Outras dezenas de ações vão acontecer em diversos municípios do estado, voltadas diretamente aos camponeses/as: são cerca de 20 oficinas e atividades práticas de recuperação de nascentes e de áreas degradadas, produção em agrofloresta, manejo e proteção do solo, homeopatia na Produção Animal, produção de mudas de erva mate, prevenção à deriva de agrotóxico e à influenza aviária, entre outras.
O encerramento da Jornada terá como ação principal a inauguração de um viveiro de mudas e horto medicinal no assentamento Contestado, na Lapa. O viveiro terá capacidade para produção de 100 mil mudas por ano, com foco em espécies da floresta ombrófila mista, a conhecida floresta de araucária. Já o horto de plantas bioativas prevê a produção de 5 mil mudas por ano, além de ser espaço pedagógico para o aprendizado para o cultivo de matrizes, manejo e propagação das espécies e produção de matéria-prima para fitoterápicos. Esta ação integra o projeto Bem Viver, que desenvolve capacitações e implantação de práticas agroecológicas e agroflorestais, em todo o estado. O projeto é resultado da parceria entre o Instituto Contestado de Agroecologia (ICA) e a Itaipu Binacional, por meio do Programa Mais que Energia, alinhado ao governo federal.

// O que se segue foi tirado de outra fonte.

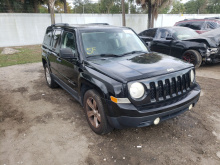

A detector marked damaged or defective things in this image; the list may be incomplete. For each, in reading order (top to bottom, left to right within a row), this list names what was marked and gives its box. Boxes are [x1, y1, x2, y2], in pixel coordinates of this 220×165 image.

damaged vehicle [41, 23, 201, 134]
damaged vehicle [139, 26, 220, 67] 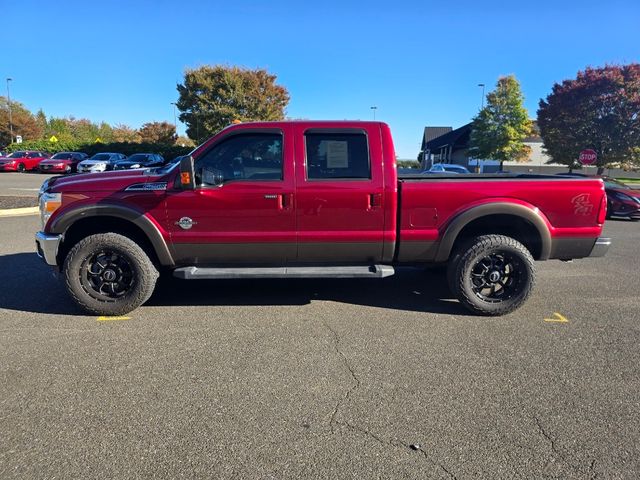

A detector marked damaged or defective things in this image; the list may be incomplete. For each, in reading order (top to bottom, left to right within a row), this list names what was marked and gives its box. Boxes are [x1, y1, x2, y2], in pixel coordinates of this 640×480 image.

pavement crack [324, 320, 360, 434] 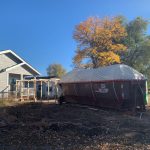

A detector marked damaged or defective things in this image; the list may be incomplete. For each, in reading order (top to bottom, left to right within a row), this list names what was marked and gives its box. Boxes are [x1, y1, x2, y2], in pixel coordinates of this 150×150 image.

rusty metal grain bin [59, 64, 147, 110] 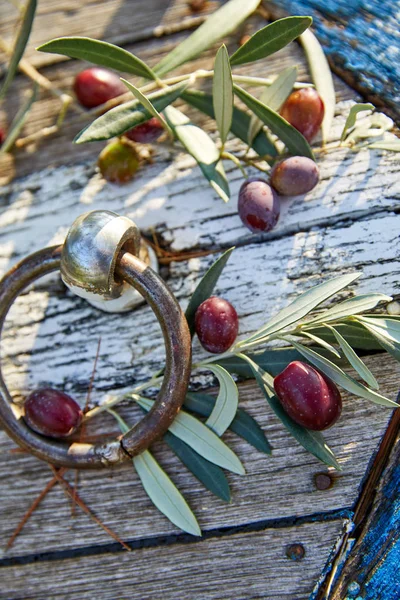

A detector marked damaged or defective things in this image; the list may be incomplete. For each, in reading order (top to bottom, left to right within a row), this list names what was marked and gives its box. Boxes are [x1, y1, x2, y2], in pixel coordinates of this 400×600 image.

rusted metal [0, 216, 192, 468]
rusty iron ring [0, 244, 192, 468]
rusty nail [284, 540, 306, 560]
rusty nail [314, 472, 332, 490] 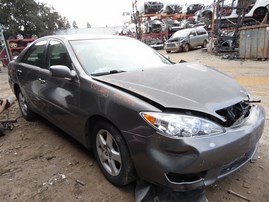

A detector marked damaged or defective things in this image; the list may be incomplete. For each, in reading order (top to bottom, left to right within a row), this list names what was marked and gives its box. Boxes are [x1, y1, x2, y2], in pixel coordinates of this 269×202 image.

damaged headlight area [140, 111, 224, 138]
damaged front bumper [125, 105, 264, 192] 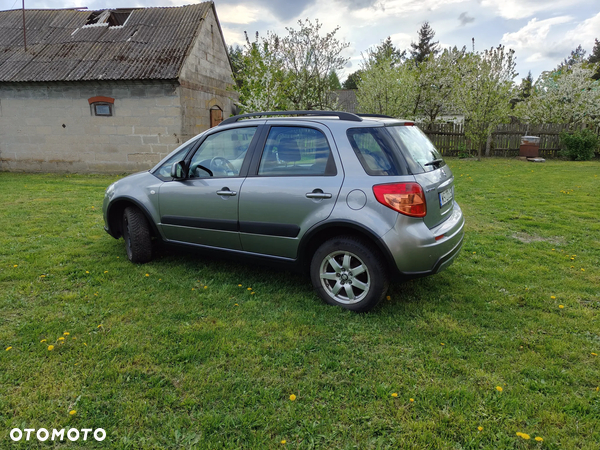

A 3ª Jornada da Natureza é organizada em parceria com a Associação de Cooperação Agrícola e Reforma Agrária do Paraná (ACAP); Cooperativa Central da Reforma Agrária (CCA); Polícia ROdoviária Federal (PRF); Instituto Contestado de Agroecologia (ICA), a Universidade Federal da Fronteira Sul (UFFS) – Campus Laranjeiras do Sul; Laboratório Vivan de Sistemas Agroflorestais; Companhia Nacional de Abastecimento (CONAB); Instituto Água e Terra; Centro de Desenvolvimento Sustentável e Capacitação em Agroecologia (CEAGRO); Empresa Brasileira de Pesquisa Agropecuária (Embrapa); Instituto Brasileiro do Meio Ambiente e dos Recursos Naturais Renováveis (Ibama); Comitê de Cultura do Paraná; Prefeitura de Quedas do Iguaçu; Fundação Luterana de Diaconia (FLD); e Associação de Produtores Orgânicos de Quedas do Iguaçu Produzindo Vidas (APOQI). Este ano, mais uma vez, a Caixa Econômica e o Governo Federal são patrocinadores do evento.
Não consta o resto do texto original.